Thank you for the opportunity to join such a distinguished panel this morning.
In the course of the last twenty years New Zealand has actively and purposefully sought a closer economic relationship with China – building on the famous “four firsts” and the successful conclusion of our ground-breaking FTA in 2008.
NZ China FTA
The FTA has given rise to an extra-ordinary increase in two way trade due as much to what are called the ‘dynamic gains of trade’ as to the progressive elimination of tariffs and other trade barriers.
Those ‘dynamic gains of trade’ have to do with the increased commercial attention that an FTA tends to focus on the relationship as well as the framework that an FTA provides to improve the relationship over time.
New Zealand has experienced these same dynamic gains arising from the CER relationship with Australia over the last 30 years.
I fully expect to see these dynamic gains arising from the Trans Pacific Partnership (TPP) once it has entered into force.
In the case of China the two governments are about to embark on an upgrade of the FTA in an effort to continue to sustain the momentum of trade and investment growth in recent years.
The upgrade is of great interest to business because FTAs always need continuous improvement and because trade agreements are always lagging behind market realities.
Some of the elements of the China FTA urgently require updating – such as the safeguards applied to dairy exports, which no longer reflect the growth of the market in recent years, the arrangements around the issuing of certificates of non-manipulation, which are out of step with a forward looking trade and economic relationship and a range of non tariff barriers which impede the growth of trade in key areas.

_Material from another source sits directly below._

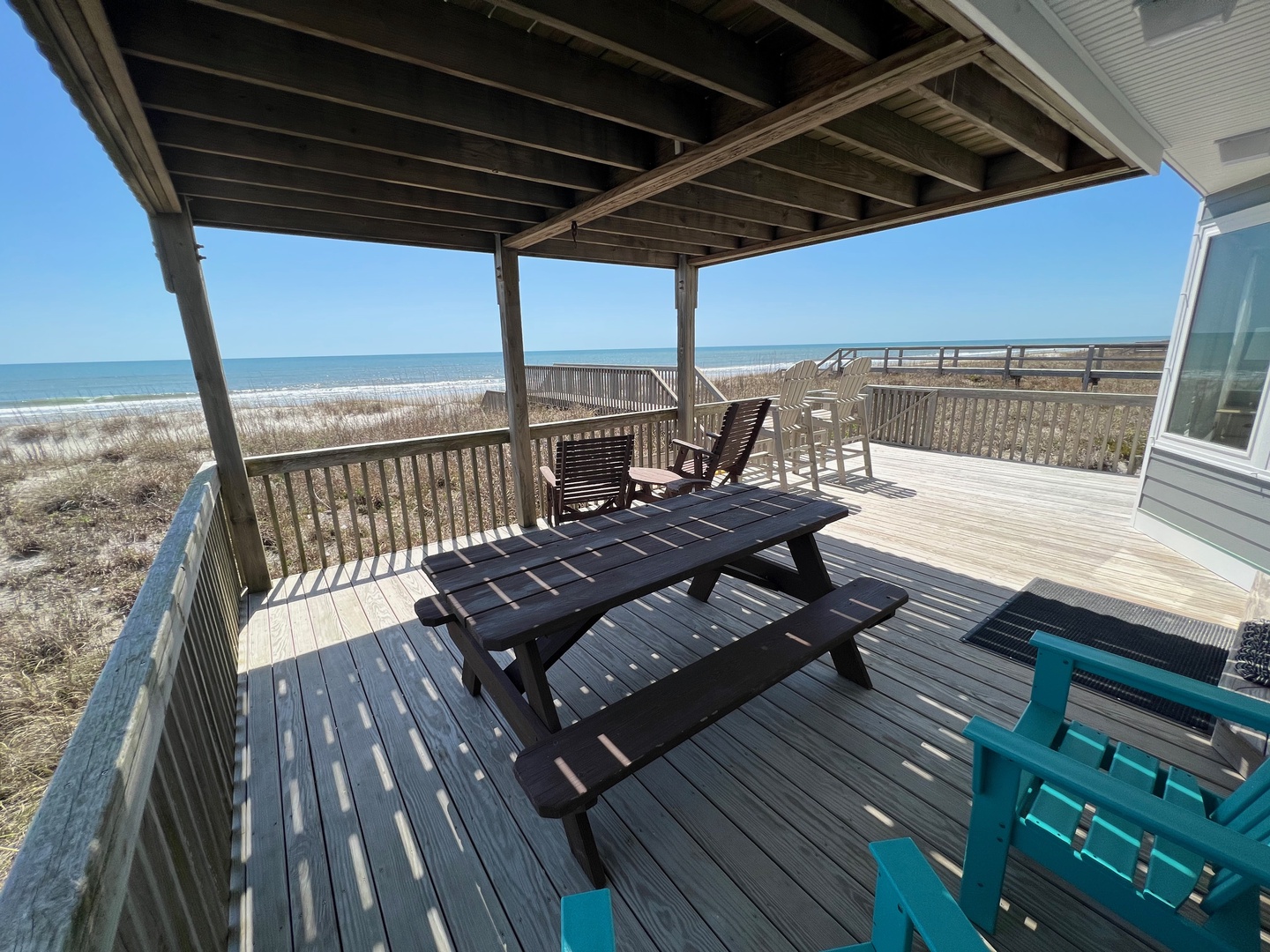 Relax on your private oceanfront deck with breathtaking sea views and comfortable seating for morning coffee or sunset meals.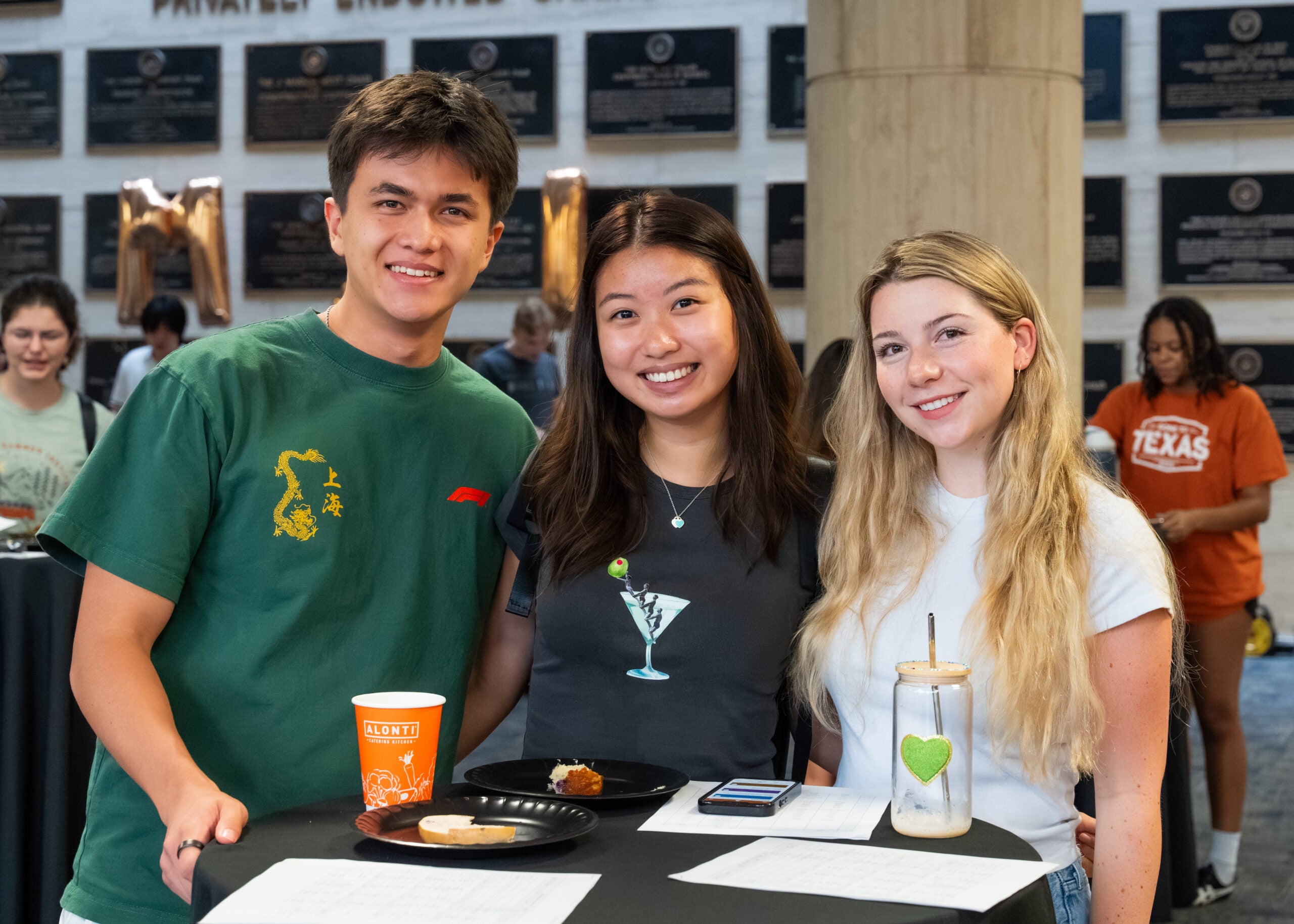 Three students smiling at an event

There are likely to be a range of issues on both sides that will be brought to the table to ensure that the FTA remains a driving force in the economic and commercial relationship.
This is all the more necessary now that our other good friend and competitor Australia has concluded its own ground-breaking FTA with China, its single largest trading partner.
Our analysis is that the ChAFTA is a very good one for Australia and will slowly change the competitive landscape over time as Australian exporters enjoy similar and, in a few areas, better access than New Zealand.
The ChAFTA offers substantial improvements in market access for Australian food and agriculture, other goods, services and (private) investment.
Tariffs will be eliminated on 95% of Australia exports to China, although with safeguards on beef and whole milk powder.
New Zealand retains an advantage because we started our FTA much earlier.
By 2016, New Zealand will enjoy duty-free access for all products covered by the FTA except dairy, whereas Australia’s cuts will only just have begun to be implemented and will not be completed for around 15 years.
In the case of dairy, Australia will face fewer safeguards than New Zealand – on one product rather than five – albeit on lower export volumes.
The safeguard is applied once exports reach a trigger level: in New Zealand’s case the trigger is set at a low level, thereby negating the advantage of the lower tariff under the FTA.
It won’t be until 2024 that we are treated largely the same for all dairy products.
On beef, Australia faces a safeguard while we do not, but the impact remains to be seen – current volumes are well under the trigger so it may have little practical effect.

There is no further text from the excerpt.